**** RECORDED INFORMATION

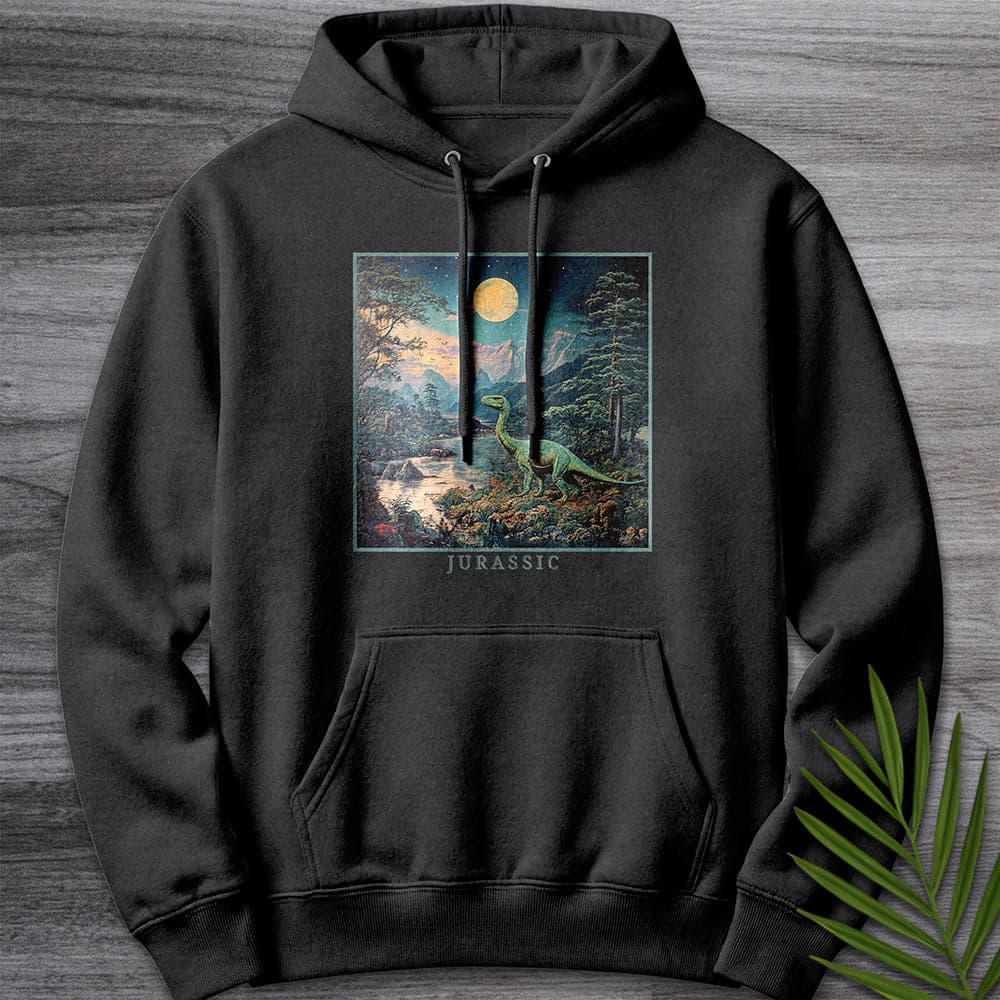 Hoodie XS / Charcoal Heather Prehistoric "Jurassic" Dinosaur Aesthetic Premium Hoodie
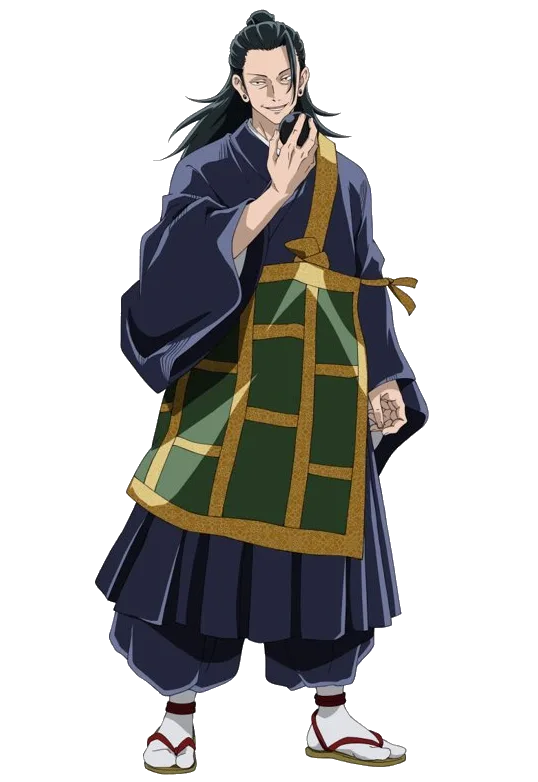 Suguru Geto in dark robes with long black hair tied up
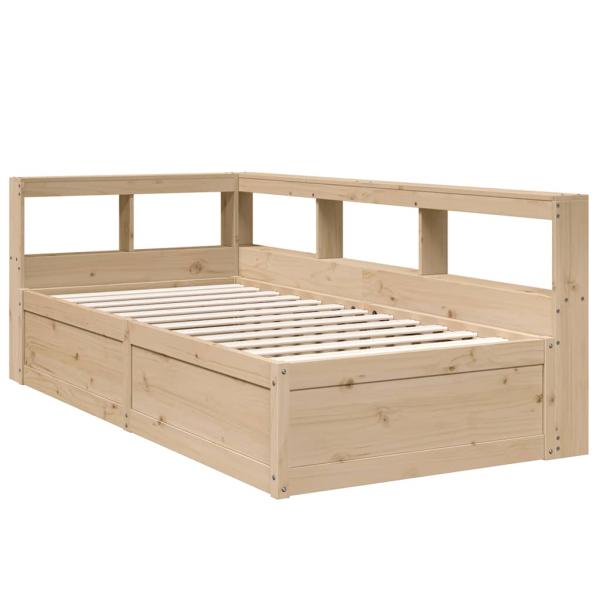 Massivholzbett mit Regal ohne Matratze 90x190 cm Kiefer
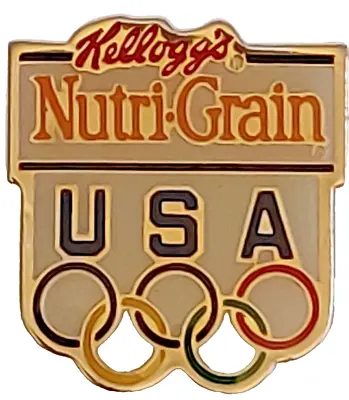 Olympics Barcelona 1992 USA Sponsor Kellogg's Nutr-Grain Cereal Lapel Pin • $11.94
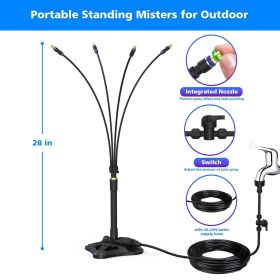 Outdoor Misting Cooling System Standing Patio Misting System, 8M Portable Mister System For Outdoor Garden BBQ Party Tanning Pool Beach Cooling Water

********

### [WHAT THIS TASK INVOLVES]
For this step, transcribe all the material above exactly and drop the images.

### [EXPECTED ANSWER]
 Hoodie XS / Charcoal Heather Prehistoric "Jurassic" Dinosaur Aesthetic Premium Hoodie
 Suguru Geto in dark robes with long black hair tied up
 Massivholzbett mit Regal ohne Matratze 90x190 cm Kiefer
 Olympics Barcelona 1992 USA Sponsor Kellogg's Nutr-Grain Cereal Lapel Pin • $11.94
 Outdoor Misting Cooling System Standing Patio Misting System, 8M Portable Mister System For Outdoor Garden BBQ Party Tanning Pool Beach Cooling Water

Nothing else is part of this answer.